§ Provided data:
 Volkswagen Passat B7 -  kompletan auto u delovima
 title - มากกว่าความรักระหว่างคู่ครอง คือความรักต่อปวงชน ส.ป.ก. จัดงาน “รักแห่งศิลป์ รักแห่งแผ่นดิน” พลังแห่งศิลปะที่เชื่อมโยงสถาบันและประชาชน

--

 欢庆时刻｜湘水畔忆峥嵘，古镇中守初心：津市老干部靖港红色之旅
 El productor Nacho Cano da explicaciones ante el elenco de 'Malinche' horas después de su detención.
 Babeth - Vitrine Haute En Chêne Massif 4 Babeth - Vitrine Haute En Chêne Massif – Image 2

...

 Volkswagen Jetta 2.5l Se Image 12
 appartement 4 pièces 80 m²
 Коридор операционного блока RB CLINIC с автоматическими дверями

§ Task details: Retype the records above, but only those lines that fall between the line containing "Volkswagen Passat B7" and the line containing "title - มากกว่าความรักระหว่างคู่ครอง", with both of those lines included, exactly as written.

§ Problem solution:
 Volkswagen Passat B7 -  kompletan auto u delovima
 title - มากกว่าความรักระหว่างคู่ครอง คือความรักต่อปวงชน ส.ป.ก. จัดงาน “รักแห่งศิลป์ รักแห่งแผ่นดิน” พลังแห่งศิลปะที่เชื่อมโยงสถาบันและประชาชน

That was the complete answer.